The packaging and tobacco's use in movies just reinforces that, Kerr said. And the ads are targeting at younger and younger ages.

The commission also brought up that the kids are Native American and that traditionally Native Americans use tobacco in ceremonies.

Coleman, who is a senior at Flagstaff High School, said tobacco use in ceremonies is very different than other types of smoking.

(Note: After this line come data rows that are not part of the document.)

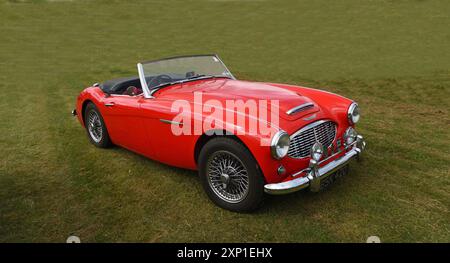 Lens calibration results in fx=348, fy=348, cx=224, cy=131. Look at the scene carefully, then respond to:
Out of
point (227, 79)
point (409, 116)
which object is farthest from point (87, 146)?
point (409, 116)

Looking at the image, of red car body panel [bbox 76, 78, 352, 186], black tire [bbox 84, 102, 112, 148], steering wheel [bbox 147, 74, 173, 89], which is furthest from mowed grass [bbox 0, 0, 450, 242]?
steering wheel [bbox 147, 74, 173, 89]

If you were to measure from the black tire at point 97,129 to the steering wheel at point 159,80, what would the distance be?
4.02 ft

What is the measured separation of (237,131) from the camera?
11.3 feet

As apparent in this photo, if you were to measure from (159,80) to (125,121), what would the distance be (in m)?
0.74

"There's a difference in the way that commercial tobacco is made and how traditional tobacco is used and produced - it's organic compared to the thousands of chemicals that go into a single cigarette as opposed to something that comes from the land in nature."

She said the way cigarette use is exploited and abused by big commercial industries is not natural.

"You're just taking in poisons and toxins and that is not a healthy lifestyle," Coleman said. "As opposed to where traditional smoke is used for ceremonial reasons and it's a sacred thing. It's spiritual and mental and it connects you with our sacred dieties, entities and our own selves."

At first, she didn't agree with the policy at all. She saw smoking as a personal choice. But she changed her mind when she realized that it is more than just one person affected when someone smokes. It is everyone around them, their families and their friends.

"That is something that I see as an issue, especially because addictions run so deep within Native American communities," Coleman said.